One of the side projects that I’m working on in addition to this weblog is a managed scanner and parser for the Visual Basic .NET language. I started on the project because I’d really like to write some project analysis tools that I could use to determine things about how people use the language, but as it’s gone on I’m hoping to also release it into the community as a sample. (One of the wrinkles is that I’m “writing” the managed parser by looking at the existing unmanaged parser, so it’s not like the code I’m writing is completely of my own invention, although it is largely so.) I think that the more that people can work with a language in an automated way, and the more tools people can write for a language, the better it is for people who use that language.

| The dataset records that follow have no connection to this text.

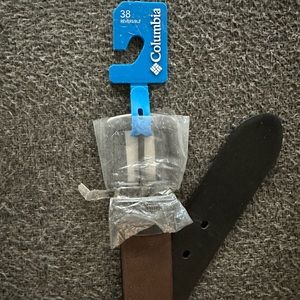 Columbia Men’s Belt Sz 38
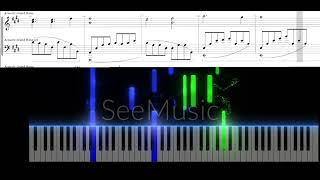 Ring Your Bell  Kalafina Piano arrangement [upl. by Elephus344]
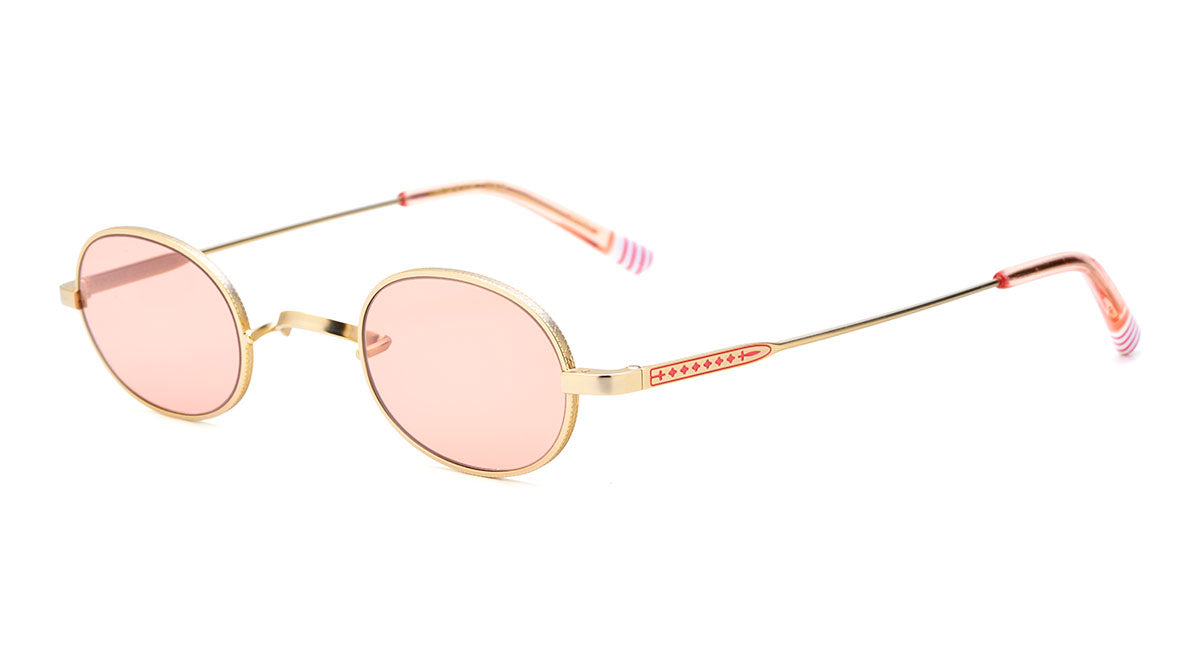 Etnia Barcelona Lyndale Sun lunettes de soleil BK/GR 42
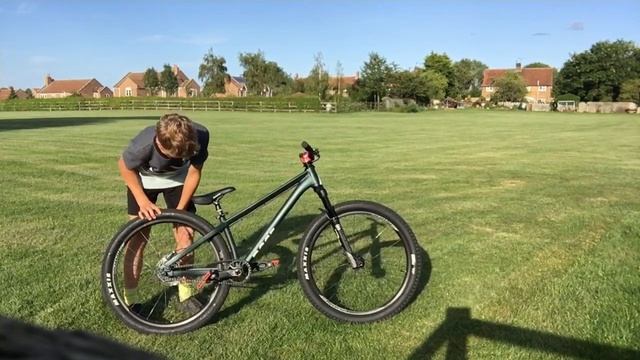 ROSE THE BRUCE 1!!! (bike review) смотреть онлайн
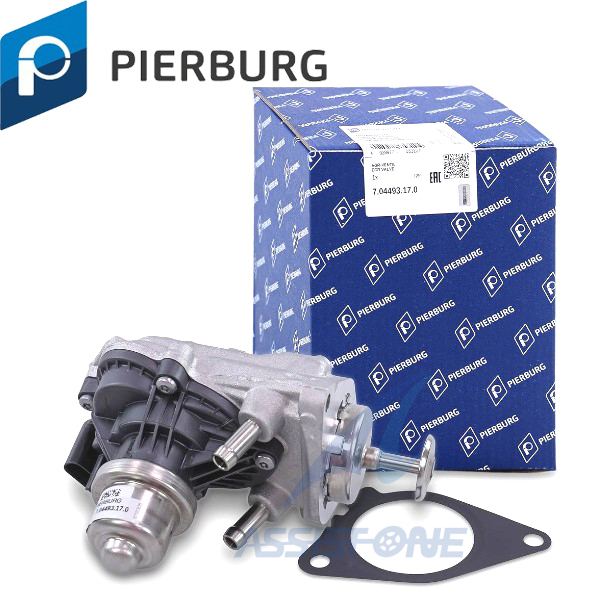 PIERBURG製 BMW EGRバルブ 3シリーズ F30 F31 F34 320d / G20 G21 320d B47 4気筒 B57 6気筒 ディーゼル 11718513132拍卖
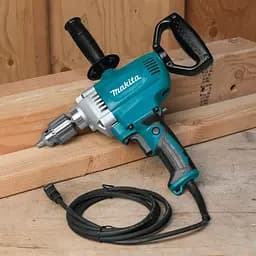 Дриль-міксер Makita DS4012 750 Вт - мініатюра 3
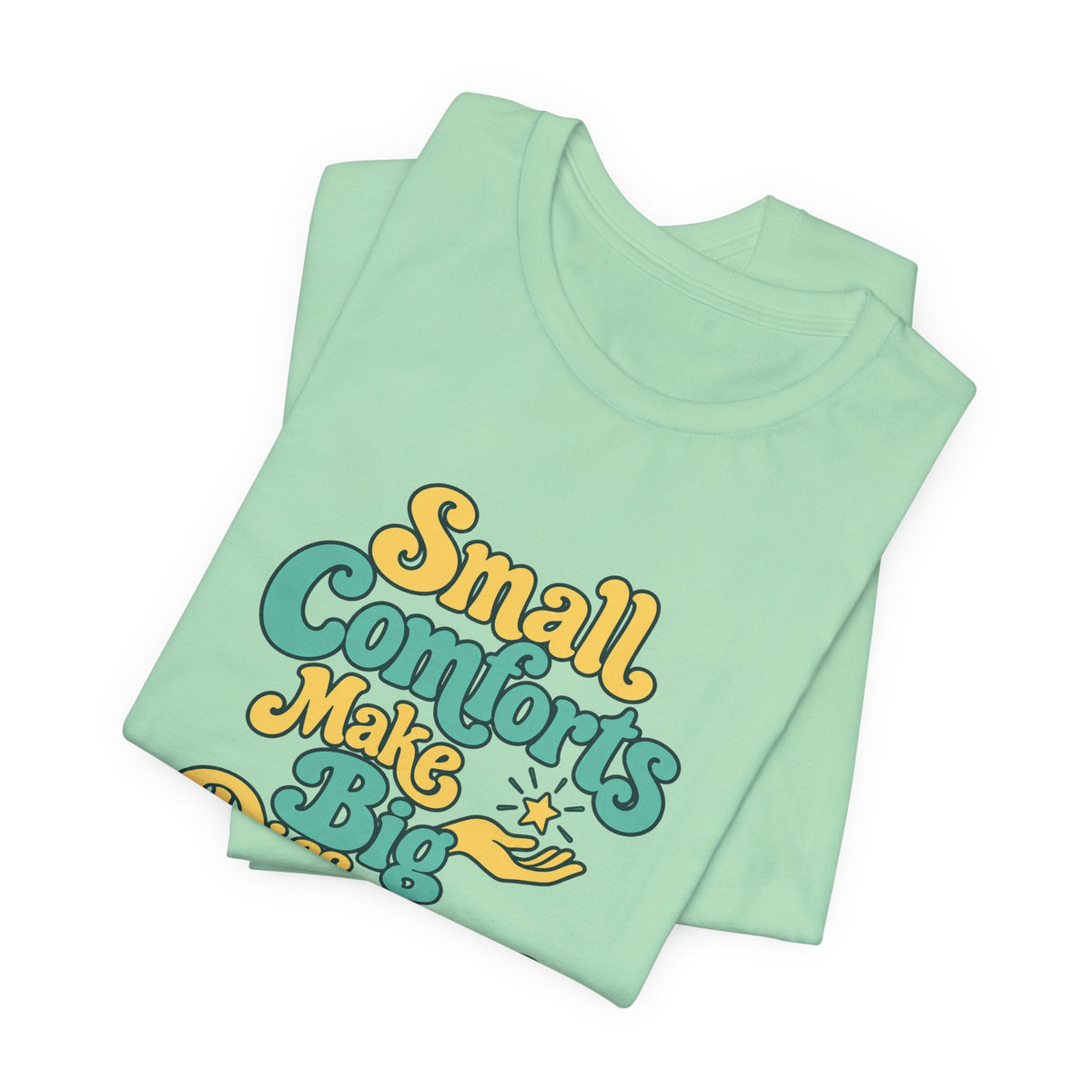 Healing Energy Nurse Tee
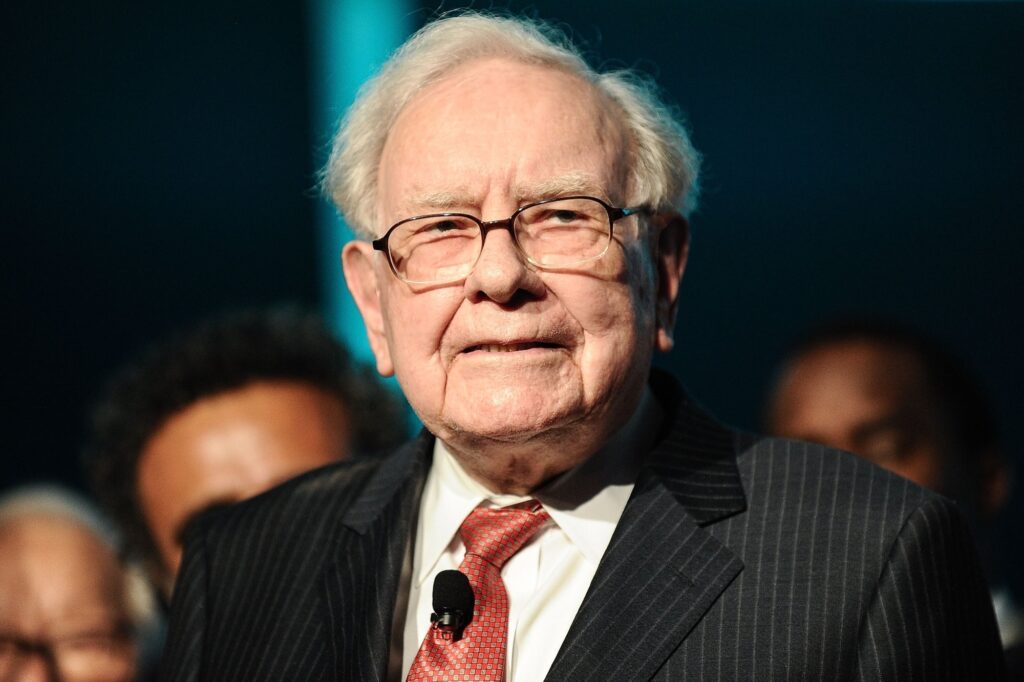 Warren Buffett's 'Mystery' $1.8 Billion Investment Revealed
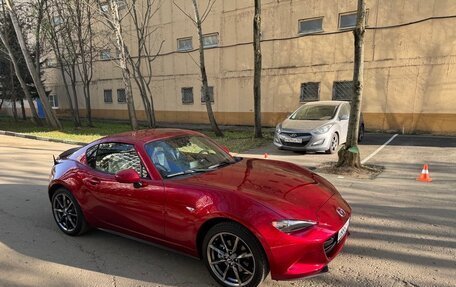 Mazda MX-5, 2019 год, 3 100 000 рублей, 7 фотография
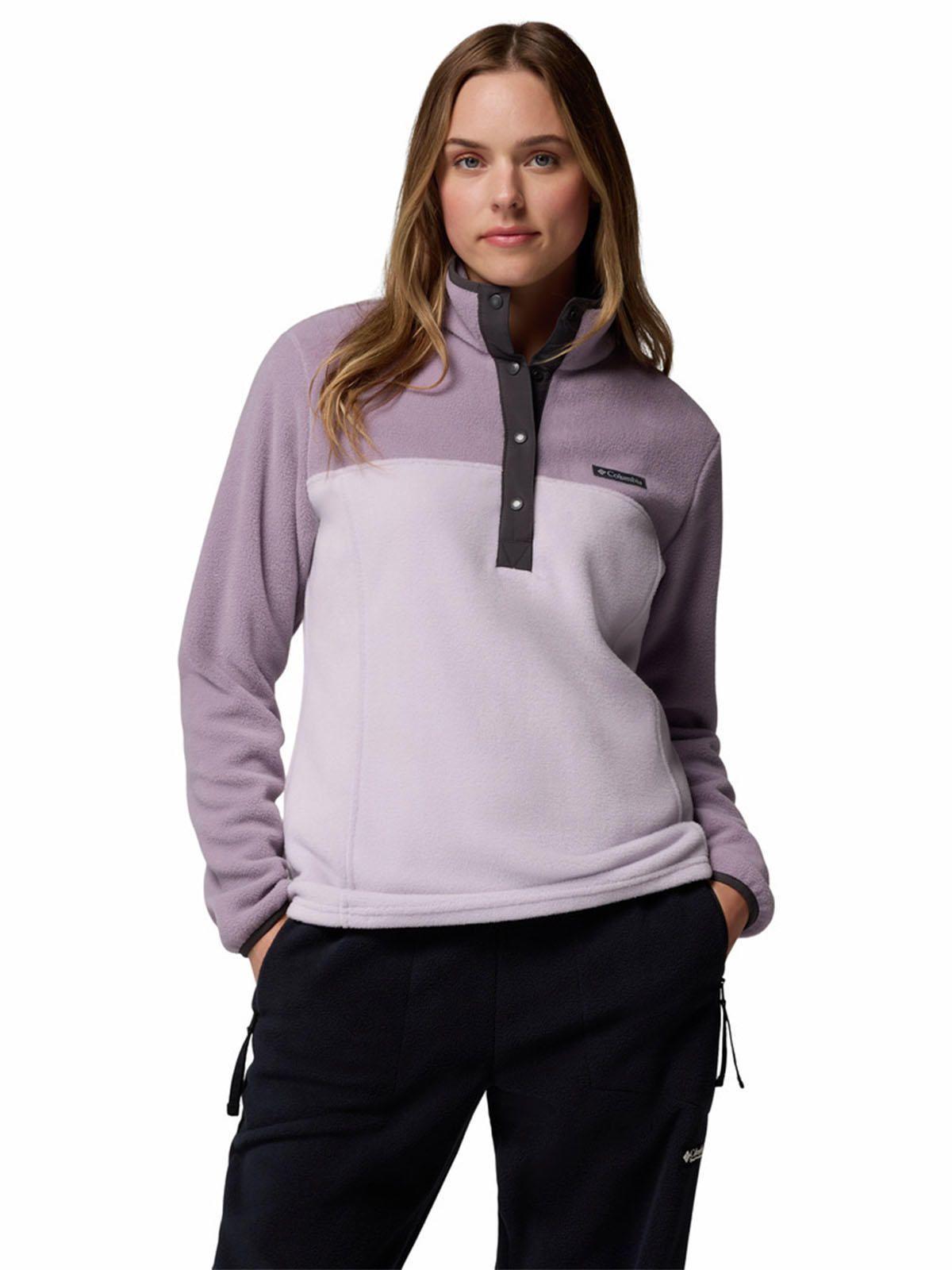 Polar Mujer Benton Springs Morado-0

Anyway, we’ll just have to see. I still have to finish it first…
After I finished the scanner (scanners are easy), I started parsing expressions and have been working my way up the parse tree hierarchy. I’ve recently reached type members and, in particular, methods. An interesting thing is the way that VB’s line orientation interacts with MustOverride methods when parsing. In C#, parsing methods is pretty simple because after a method header you can see either a semicolon or an open curly brace. If it’s the former, then you’ve got an abstract method declaration; if it’s the latter, then you’ve got a concrete method declaration. Whether or not you specified “abstract” as a modifier on the declaration is really something for declaration semantics to sort out later on. In VB, though, the following fragment is ambiguous if you don’t look at the modifiers:
<modifiers> Sub Foo()
Dim Bar As Integer
In other words, once you’ve gotten through the method header, the next line starts with “Dim,” which could either mean that Foo was a MustOverride method and Bar is a field, or that Foo was a concrete method and Bar is a local. To figure out which is which, you absolutely have to look at the modifiers to see if “MustOverride” is there. This is the kind of thing that drives formal grammar writers nuts because it means you have to hork up your grammar productions to make it all come out right. It doesn’t make such a big deal, though, if you hand-code your parser, which is what we do for VB. (Hand-coded parsers vs table-driven parsers seems to be one of those religious arguments that language people get into. Let me just say I don’t take a formal position on the question.)
Interestingly, there are at least a few other places in the language (esp. in terms of object creation expressions versus array creation expressions) where things get complicated like this. But overall, it’s been pretty smooth sailing. I’ll let everyone know as the project progresses.